Source data ▸
'''
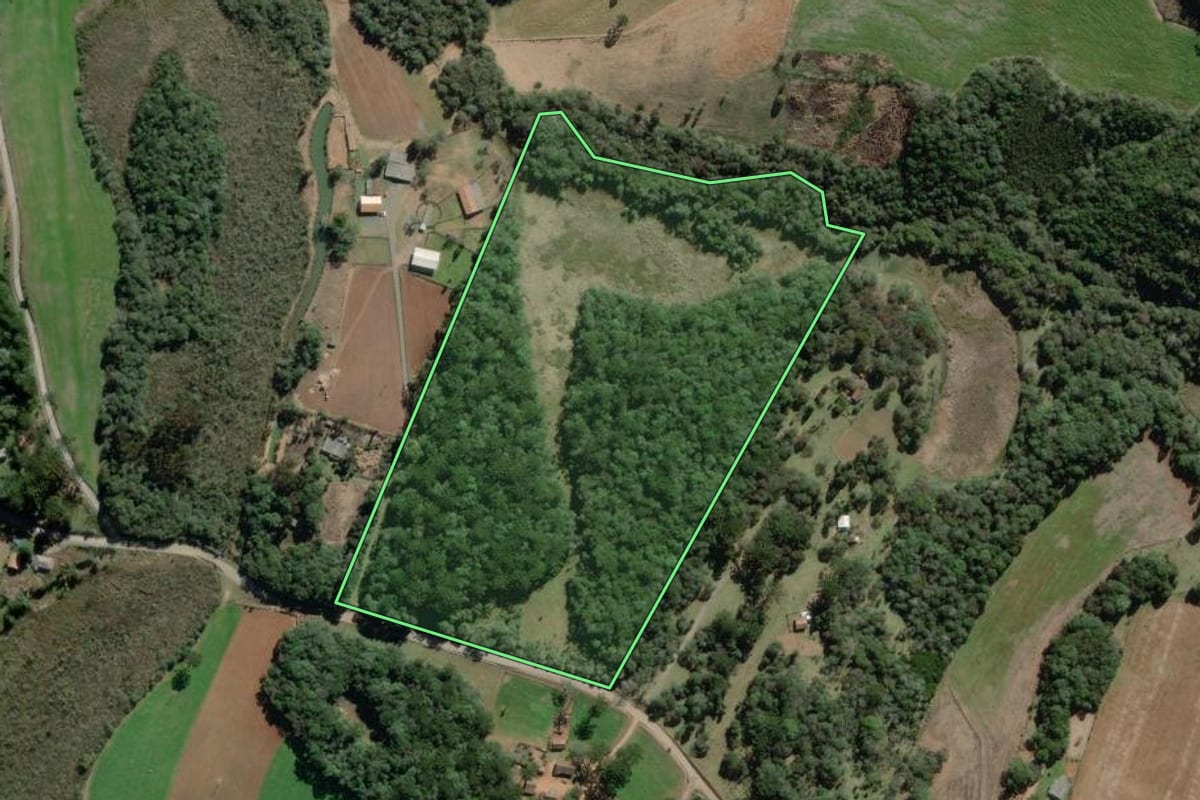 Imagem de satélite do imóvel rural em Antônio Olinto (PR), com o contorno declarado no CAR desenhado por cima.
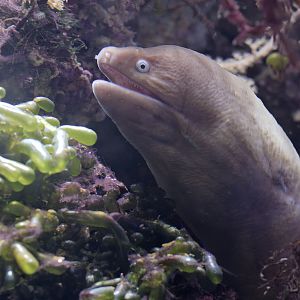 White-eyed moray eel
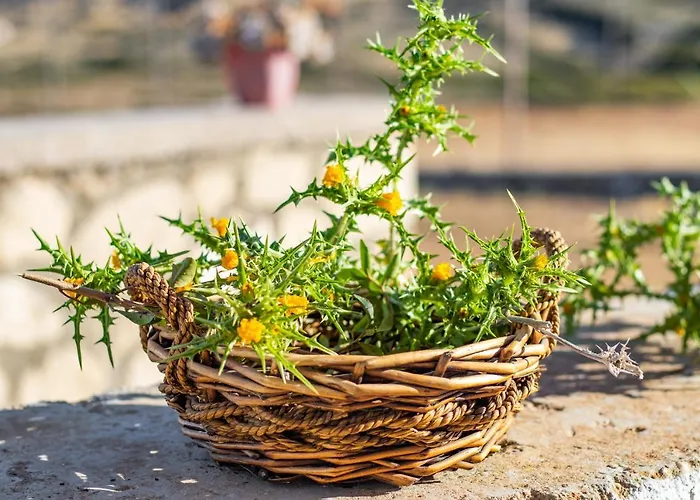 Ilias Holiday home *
'''
The answer must be the listing above, restated word for word, with no images in it.

Answer section ▸
 Imagem de satélite do imóvel rural em Antônio Olinto (PR), com o contorno declarado no CAR desenhado por cima.
 White-eyed moray eel
 Ilias Holiday home *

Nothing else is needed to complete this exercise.